Il Programma di Vox include anche certe cose che possono sembrare giuste e popolari, quel genere di concetti tipici dei populisti: che si possa studiare la lingua spagnola in tutta Spagna, per esempio, o che la sanità pubblica non cambi da regione a regione, in modo che tutti gli spagnoli abbiano uguali diritti. Che i grandi partiti non abbiano inserito queste proposte nei loro programmi dimostra una certa inettitudine dei partiti politici tradizionali.

Però il “grande merito” e la profonda differenza tra Vox e il partiti tradizionali – sicuramente molto del fascino che ha ammaliato gli andalusi – è la rivendicazione nazionalista: la parola Spagna è continuamente pronunciata, la difesa dell’unità nazionale davanti alla minaccia separatista è la sua bandiera, lo stop all’immigrazione un’altra missione proclamata. Propongono costruire un muro alla Trum a Ceuta e Melilla e hanno ottenuto più voti dove vivono più immigrati: approfittano delle paure che i poveri locali provano quando si trovano davanti ai poveri immigrati. 

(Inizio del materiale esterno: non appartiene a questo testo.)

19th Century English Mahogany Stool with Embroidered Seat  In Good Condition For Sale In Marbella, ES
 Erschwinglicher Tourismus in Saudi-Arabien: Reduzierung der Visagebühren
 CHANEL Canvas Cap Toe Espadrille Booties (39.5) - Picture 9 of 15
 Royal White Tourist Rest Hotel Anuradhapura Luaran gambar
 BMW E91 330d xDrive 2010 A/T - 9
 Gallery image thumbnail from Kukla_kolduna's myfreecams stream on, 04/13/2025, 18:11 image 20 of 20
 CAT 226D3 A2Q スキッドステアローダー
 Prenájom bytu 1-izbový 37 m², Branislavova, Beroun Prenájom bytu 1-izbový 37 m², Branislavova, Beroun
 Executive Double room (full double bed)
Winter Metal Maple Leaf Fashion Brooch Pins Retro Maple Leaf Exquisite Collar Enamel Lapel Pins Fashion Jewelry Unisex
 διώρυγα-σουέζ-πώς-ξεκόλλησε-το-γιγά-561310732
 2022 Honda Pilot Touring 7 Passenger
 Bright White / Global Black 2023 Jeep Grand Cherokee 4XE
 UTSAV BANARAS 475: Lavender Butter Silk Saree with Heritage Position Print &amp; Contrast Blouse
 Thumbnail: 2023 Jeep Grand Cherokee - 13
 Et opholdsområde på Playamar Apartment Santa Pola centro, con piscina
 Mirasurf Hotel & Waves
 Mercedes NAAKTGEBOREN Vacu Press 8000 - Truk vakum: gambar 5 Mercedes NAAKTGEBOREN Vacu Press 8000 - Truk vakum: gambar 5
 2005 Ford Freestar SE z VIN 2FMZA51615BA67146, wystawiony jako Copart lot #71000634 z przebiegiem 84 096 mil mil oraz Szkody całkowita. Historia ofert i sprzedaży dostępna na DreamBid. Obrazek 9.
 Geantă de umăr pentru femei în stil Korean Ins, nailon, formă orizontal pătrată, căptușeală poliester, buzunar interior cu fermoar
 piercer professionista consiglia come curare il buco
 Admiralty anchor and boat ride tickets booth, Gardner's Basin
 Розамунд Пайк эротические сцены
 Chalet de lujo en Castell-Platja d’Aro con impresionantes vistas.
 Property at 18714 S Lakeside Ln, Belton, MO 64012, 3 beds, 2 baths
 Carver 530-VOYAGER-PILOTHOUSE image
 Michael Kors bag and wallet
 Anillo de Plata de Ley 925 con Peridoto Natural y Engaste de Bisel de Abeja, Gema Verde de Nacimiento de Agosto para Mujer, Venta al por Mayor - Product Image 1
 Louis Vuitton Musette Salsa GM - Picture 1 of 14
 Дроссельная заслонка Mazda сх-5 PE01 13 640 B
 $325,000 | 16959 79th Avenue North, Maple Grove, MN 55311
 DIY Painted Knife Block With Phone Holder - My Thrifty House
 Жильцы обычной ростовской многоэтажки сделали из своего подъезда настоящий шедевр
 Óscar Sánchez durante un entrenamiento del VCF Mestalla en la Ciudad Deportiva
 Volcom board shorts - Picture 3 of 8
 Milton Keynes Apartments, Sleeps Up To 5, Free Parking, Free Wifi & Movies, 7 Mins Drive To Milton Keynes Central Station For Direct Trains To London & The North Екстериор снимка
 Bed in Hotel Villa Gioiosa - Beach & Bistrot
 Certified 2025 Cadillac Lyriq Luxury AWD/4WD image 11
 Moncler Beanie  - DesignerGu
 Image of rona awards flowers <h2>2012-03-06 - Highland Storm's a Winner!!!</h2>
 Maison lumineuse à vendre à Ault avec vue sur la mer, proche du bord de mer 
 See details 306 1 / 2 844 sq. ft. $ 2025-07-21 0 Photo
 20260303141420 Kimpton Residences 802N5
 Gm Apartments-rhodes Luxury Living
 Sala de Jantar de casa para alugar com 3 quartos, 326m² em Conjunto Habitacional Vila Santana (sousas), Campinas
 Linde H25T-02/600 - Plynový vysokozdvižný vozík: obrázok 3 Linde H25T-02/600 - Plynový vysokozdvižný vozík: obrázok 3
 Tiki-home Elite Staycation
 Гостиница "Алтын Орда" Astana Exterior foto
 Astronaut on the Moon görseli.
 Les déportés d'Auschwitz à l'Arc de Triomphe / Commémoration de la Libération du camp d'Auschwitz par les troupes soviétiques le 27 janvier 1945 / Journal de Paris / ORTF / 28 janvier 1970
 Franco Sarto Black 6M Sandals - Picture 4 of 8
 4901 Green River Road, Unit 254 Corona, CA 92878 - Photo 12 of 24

Insomma, l’articolo del New York Times, più di ogni altro, analizza benissimo la situazione in Spagna: il nazionalismo chiama il nazionalismo. La destra si radicalizza, si tirano fuori le bandiere. Vox è un partito che in molti hanno deciso di votare per protestare contro il separatismo sempre spalleggiato, utilizzato per fare numero, dal Partito Popular e dal Partito Socialista Spagnolo.